Volume 9, Number 1, February 2018, pages 11-16

The Severity of Coronary Arterial Stenosis in Patients With Acute ST-Elevated Myocardial Infarction: A Thrombolytic Therapy Study

Major components of acute coronary artery occlusion causing ST-elevated myocardial infarction (STEMI) are thrombus and an underlying atherosclerotic plaque. The underlying stenosis degree of atherosclerotic plaque has been a subject of curiosity for a long time and been examined in several studies, but discussions are still ongoing. In the earlier stages, retrospective angiographic and post-mortem studies have shown that the majority of patients with STEMI had mild to moderate degree of stenosis in the infarct-related artery (IRA) and was emphasized that acute event was secondary to thrombosis, more often occurring after plaque rupture [1-4]. However, in some post-mortem studies, it is shown that the severe stenosis was the cause in many patients [5, 6]. Unlike the retrospective studies in the early stages, Coronary Artery Surgery Study (CASS) has shown that new vessel occlusions resulted from severe stenosis in a majority of patients who underwent coronary angiography (CAG) in the follow-up [7]. Similarly, in studies evaluating mechanical thrombectomy or thrombolytic therapy (TT) it was seen that IRA had severe stenosis [8, 9]. However, it is also shown that the residual thrombus may occur after thrombectomy or TT, and the degree of stenosis at IRA stenosis could be detected more than its actual occurrence [10-12]. More thrombus can be removed from lesion by the more aggressive antiplatelet therapy together with TT, and the degree of stenosis on angiography can be estimated more clearly. With this hypothesis we have designed this study.

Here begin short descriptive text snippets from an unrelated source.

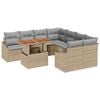 vidaXL Gartensofa-set 9 Stk. Beige und Grau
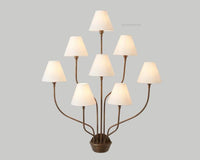 Modern  Brass wall sconce with White Fabric Shades – Mid Century Multi Arm Ceiling Light Fixture for Living Room, Dining Room, Bedroom Décor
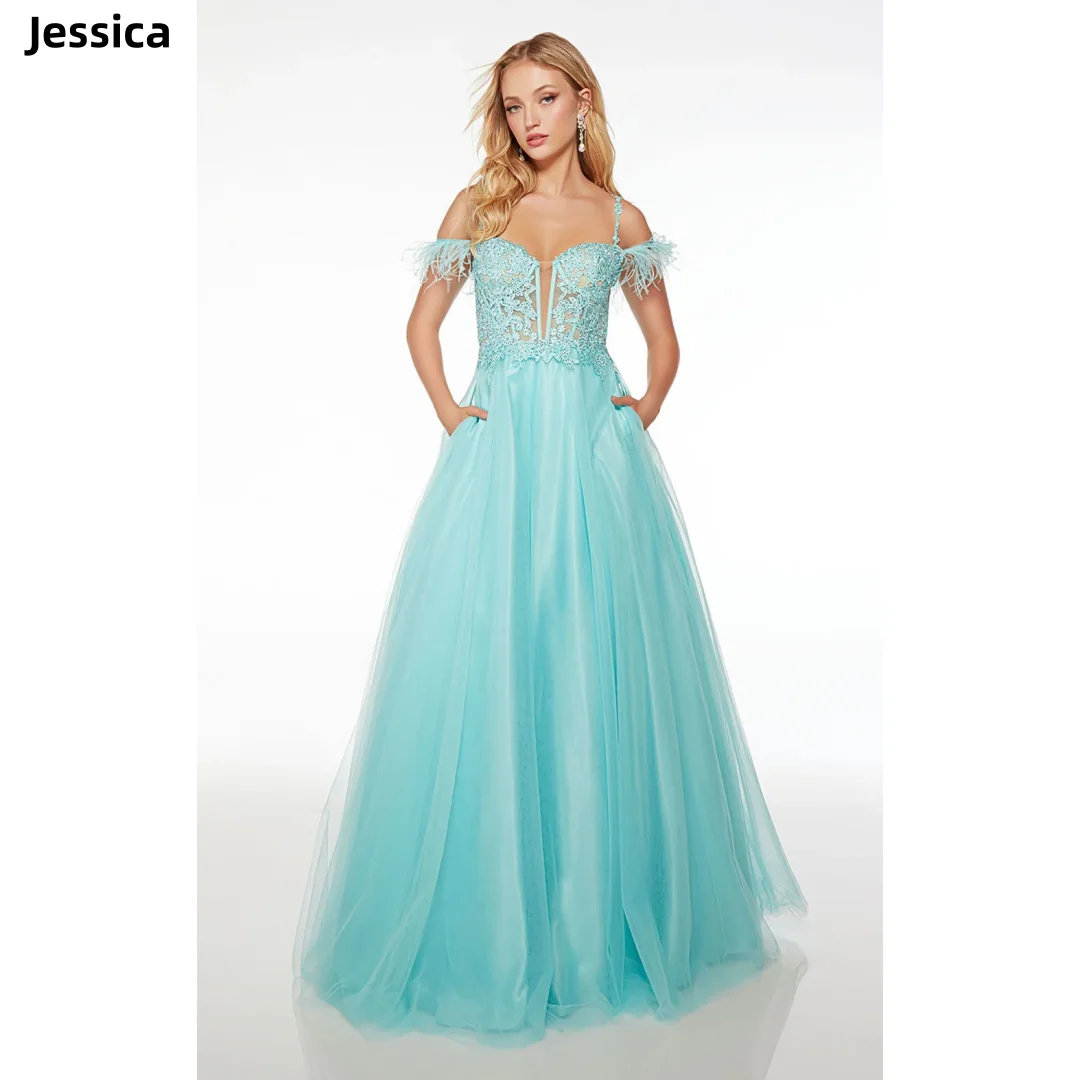 Jessica Glitter Embroidery Prom Dresses Sweetheart Tulle Feathers Wedding Dress A-Shape Elegant Robes De Soirée Customized 2025
Jessica Glitter Embroidery Prom Dresses Sweetheart Tulle Feathers Wedding Dress A-Shape Elegant Robes De Soirée Customized 2025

The purpose of this study was to determine the degree of stenosis of IRA in STEMI patients who underwent CAG after reperfusion with TT.

A total of 463 consecutive patients between January 2008 and December 2013 with STEMI treated primarily with TT were evaluated retrospectively. In our clinic primary percutaneous intervention can only be performed during working hours between January 2008 and December 2013. Thus, patients that have been hospitalized with STEMI after working hours received therapy. The study was approved by institutional ethics committee. The patients in whom reperfusion failed and rescue percutaneous coronary intervention was performed (n = 120), death occurred before CAG (n = 12), IRA cannot be determined according to the electrocardiographic (ECG), echocardiographic (ECHO) or CAG (n = 10), and CAG was not performed in index hospitalization (n = 54) were excluded from the study. There were no further exclusion criteria. A total of 267 patients who were successfully reperfused with TT and in whom CAG was performed during hospitalization with median 8 (1 - 17) days after myocardial infarction were included in the study. Figure 1 depicts flow chart of the study. Clinical and demographic characteristics including age, gender, diabetes mellitus (DM), hypertension (HT), hyperlipidemia (HPL), current cigarette smoking, and family history of premature coronary artery disease (CAD), were obtained by hospital records. The diagnosis of STEMI was based on typical symptoms onset of ≥ 30 min and ≤ 12 h before admission to the hospital and new ST-segment elevation at the J point in more than two contiguous leads ( > 0.2 mV in V1 through V3 and > 0.1 mV in other leads) or new left branch bundle block [13]. The IRA was clearly defined on the basis of the combination of ECG, ECHO, and CAG findings. Failed reperfusion was defined according to the following criteria: < 50% ST resolution-related ECG leads within 90 min from initiation of the thrombolytic treatment and lack of symptom relief or in-hospital mortality.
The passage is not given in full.